Crafting an artistic response to climate change
By Kayla Schulte
Over the course of eight weeks, I descended into the cool, concrete basement of Modern Art Oxford (MAO) for two hours at a time, leaving behind the buzz of summer and any trace of mobile service or WiFi. Here I was welcomed by a group of local artists, all women, tinkering with different biodegradable materials. Each artist brought her own energy, experience, and skills to an experimental ‘artistic response to climate change’. The ebb and flow of practices and ideas evolved into Continuing Bodies – a feature of the upcoming exhibit Future Knowledge. Located in Wytham Woods, the piece is a collaborative interrogation of climate change and anthropogenic relationships with the environment using biodegradable materials.
I assumed the hybrid role of journalistic observer and participating artist, dividing the project into four phases to outline the process: I. Initiation, II. Experimentation, III. Infrastructuring, and IV. Installation. This is to allow the reader to trace the thematic strands, perspectives, dialogue, and skills that ultimately coalesced into the striking installation now standing in Wytham Woods. Each section draws on my own notes and experience, along with photos and interview excerpts from each of the participating artists and lead curator on the project, Sara Lowes. Together, these pieces illustrate how the group created an iconic environmental installation.

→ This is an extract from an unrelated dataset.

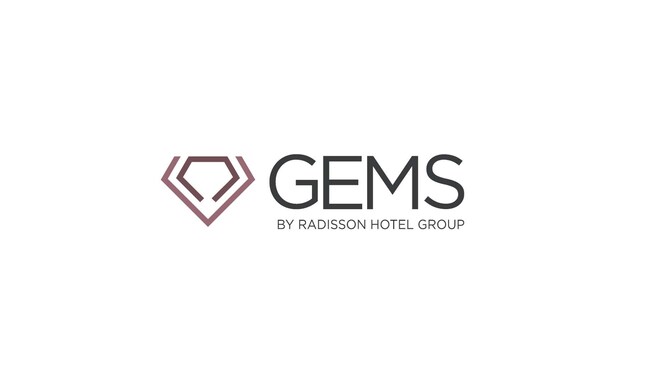 Corporate - The Club Revenue Management - GEMS Violet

The project was first pitched by Modern Art Oxford as an opportunity for local artists to ‘collectively explore new biodegradable materials and rate their potential to be used as a part of a tool kit for making art, [while] using scientific research from Wytham Woods to create an artistic response to climate change’. An emphasis on integrating art and science, as well as facilitating knowledge exchange among the collaborators and prospective audiences, immediately brought out an inquisitive, intellectual energy among the group. The group – Katalina, Janet, Claire, Angela, Maria, Clare, Heather, Morwenna. Helena, Lillian and myself – are all artists or creators and local to Oxfordshire.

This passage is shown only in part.